-- Exercise --
Since the copy must hold text only, transcribe the data below exactly and omit the images.

-- Data block --
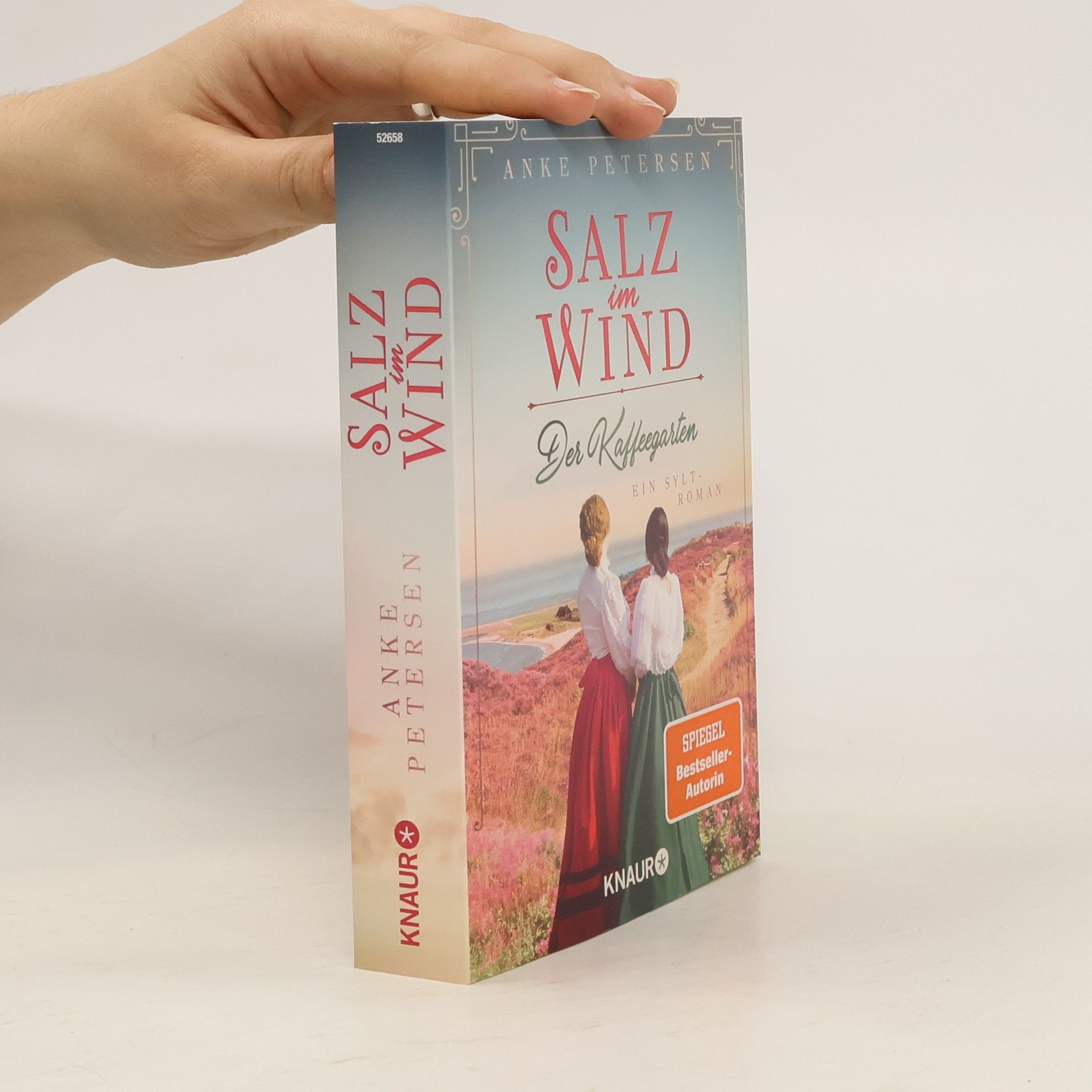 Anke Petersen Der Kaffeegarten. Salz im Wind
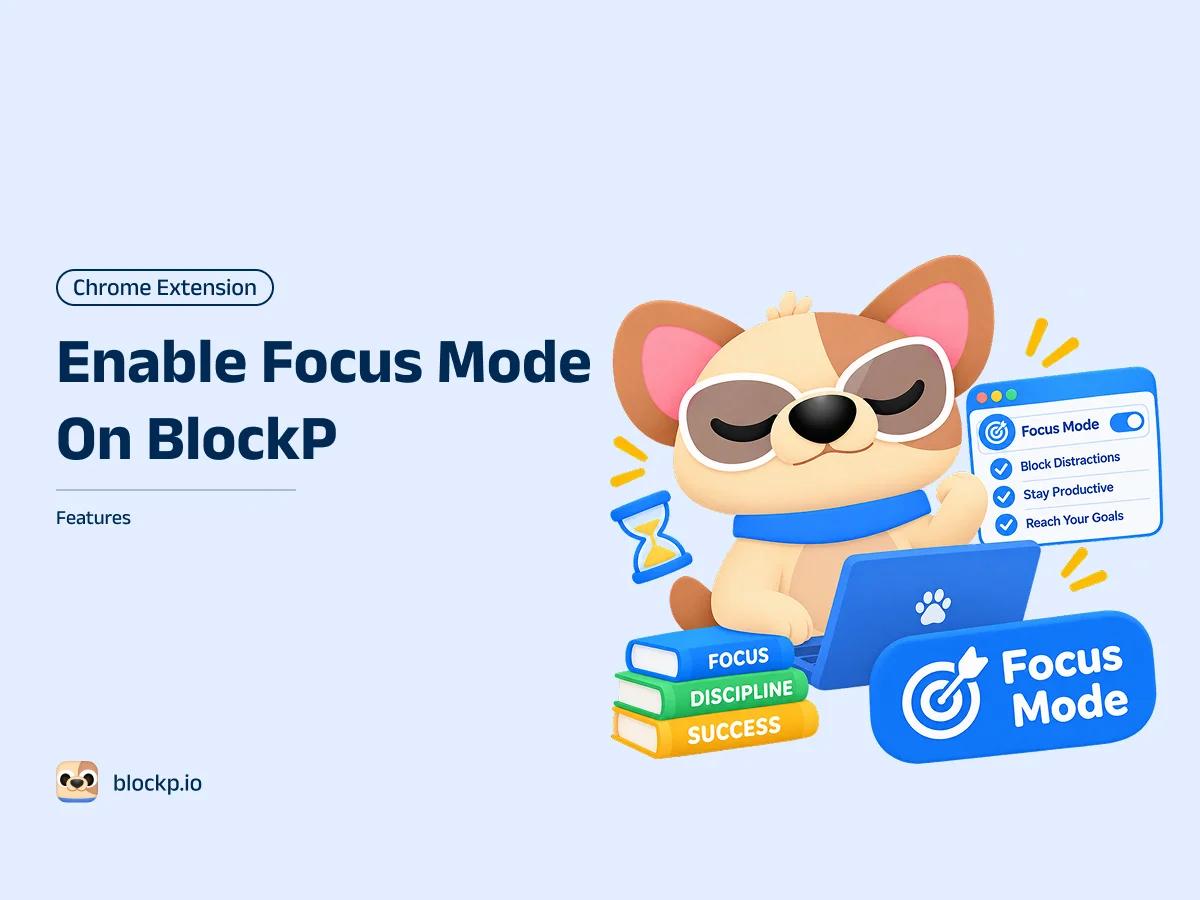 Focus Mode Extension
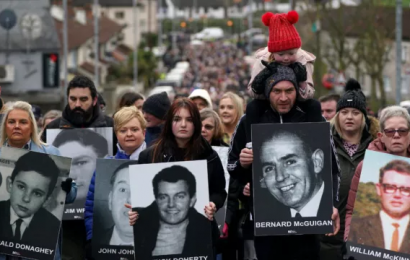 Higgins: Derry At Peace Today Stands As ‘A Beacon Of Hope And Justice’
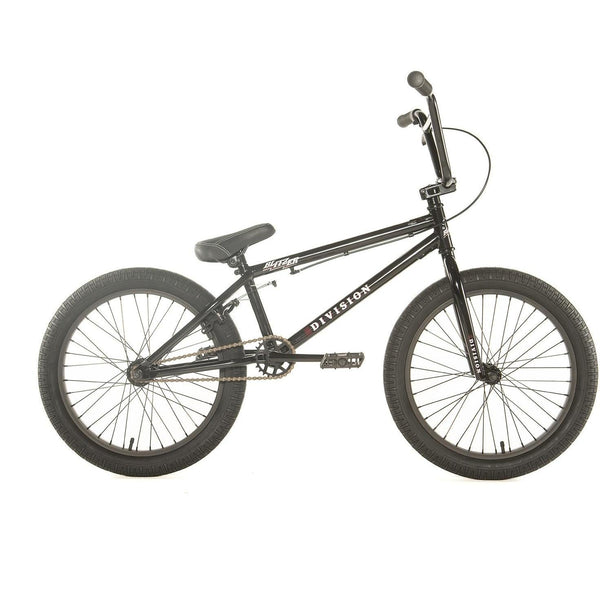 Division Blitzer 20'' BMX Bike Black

-- Worked solution --
 Anke Petersen Der Kaffeegarten. Salz im Wind
 Focus Mode Extension
 Higgins: Derry At Peace Today Stands As ‘A Beacon Of Hope And Justice’
 Division Blitzer 20'' BMX Bike Black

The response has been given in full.